The department is now allocating $1.35 million in fiscal year 2021 money it received through the Federal Highway Administration to implement the solutions Traffic & Safety Engineer Willy Sorenson developed. Strategic Communications Director Andrea Henry told The Center Square in an email that $300,000 in state funds reserved for Intelligent Transportation Systems will be used to purchase and install 60 wrong way driver detection cameras.
Sorenson told The Center Square in a phone interview he mapped out where the events were occurring and analyzed what could have prevented the problem.
“You can’t do anything about wrong way driving unless you know where it started, and you don’t know where it started unless you start digging into each event that you hear about,” Sorenson said.
At each location that saw higher frequency wrong-way incidents, the department has tested various prevention techniques.

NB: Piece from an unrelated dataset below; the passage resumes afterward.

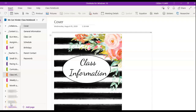Hi everyone, welcome back. This is your how-to teacher Sierra, and I am back with another how-to video for you. This video is all about using the Class Notebook with your students.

“[Wrong way driving] is a human error. Any time you deal with humans, they build a better mousetrap, and we got to figure out what to do to counteract their human behavior,” he said. “Sixty percent of wrong way driving is intoxicated, 20% are elderly and 20% are just confused.”

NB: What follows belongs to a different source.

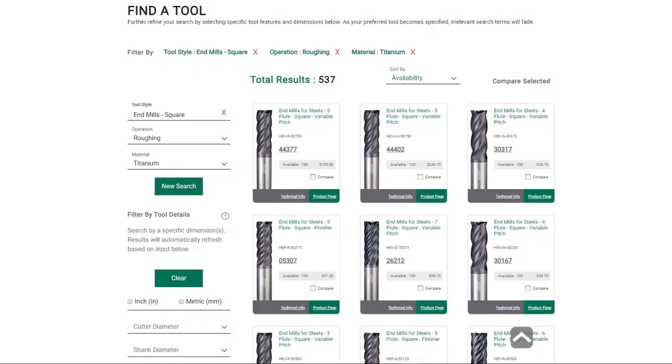We hope that this new Find-a-Tool technology will help you to more easily navigate our product offering online in a responsive and mobile-friendly environment. Thank you.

He said the department intends to address each of those groups “in some degree.” He said the most egregious drunk driving incidents may not be stopped, but it may help prevent less intoxicated drivers and those who are elderly or confused from entering the highways in the wrong direction.

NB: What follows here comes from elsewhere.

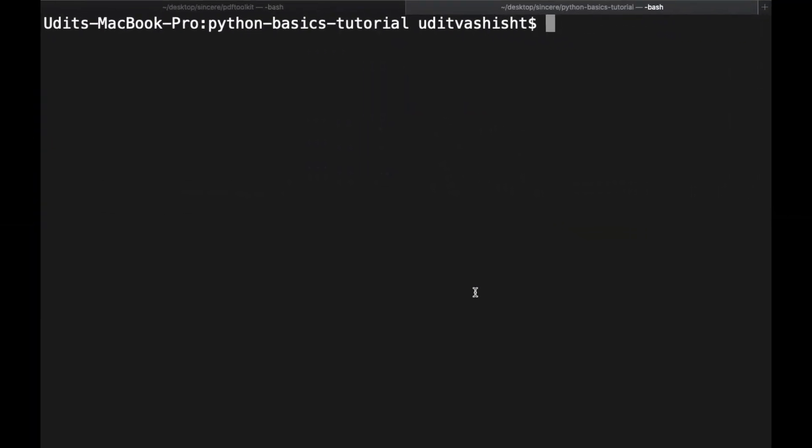Python decorators take advantage of the fact that functions in Python are first-class functions. It means that we can pass a function as an argument to another function, we can return a function, and assign functions to a variable. First of all, I will explain how decorators work using a general example, and then I will show you a real-world example. So let's open a new Python file.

Sorenson said each of the locations has warning signs, “but we’re kicking it up a notch.” At the 165 locations that a department committee selected based on potential for wrong-way driving, the department is increasing the signage size by 80%, from 3 ft. by 3 ft. to 4 ft. by 4 ft. They’re also angling the signs toward drivers who are “about to drive the wrong way” so that drivers can see them before and during the turn, as well as placing them about 50 feet away from stop signs, instead of on the back of stop signs, as they had been doing.
About half of the locations where the 228 wrong-way driving events on U.S. 30 Boone to Nevada that occurred from July 2014 to July 2021 occurred on “at grade” intersections, where a local road intersects a highway at the same elevation, according to the department. Those intersections will have large white painted arrows in the through lanes.
Sixty cameras, which will be placed at “higher risk locations,” will alert staff via email when they spot a wrong way driver.
“It’s not a silver bullet,” he said. “I’d love to get from 11 fatalities last year to zero this year, but I just want to make a dent in it.… I don’t know at what point I’ll be comfortable; I suppose at zero, when we have zero crashes a year, but I might be chasing that until I’m 110.”
Sorenson said Iowa has about 20 wrong-way crashes annually, each involving emergency services response costs.
Sorenson reminded the public to help prevent car accidents involving wrong way driving by driving in the right lane on the highway, pulling over to the right shoulder if they see a wrong-way driver, and reporting the location of any wrong-way driving by calling 911.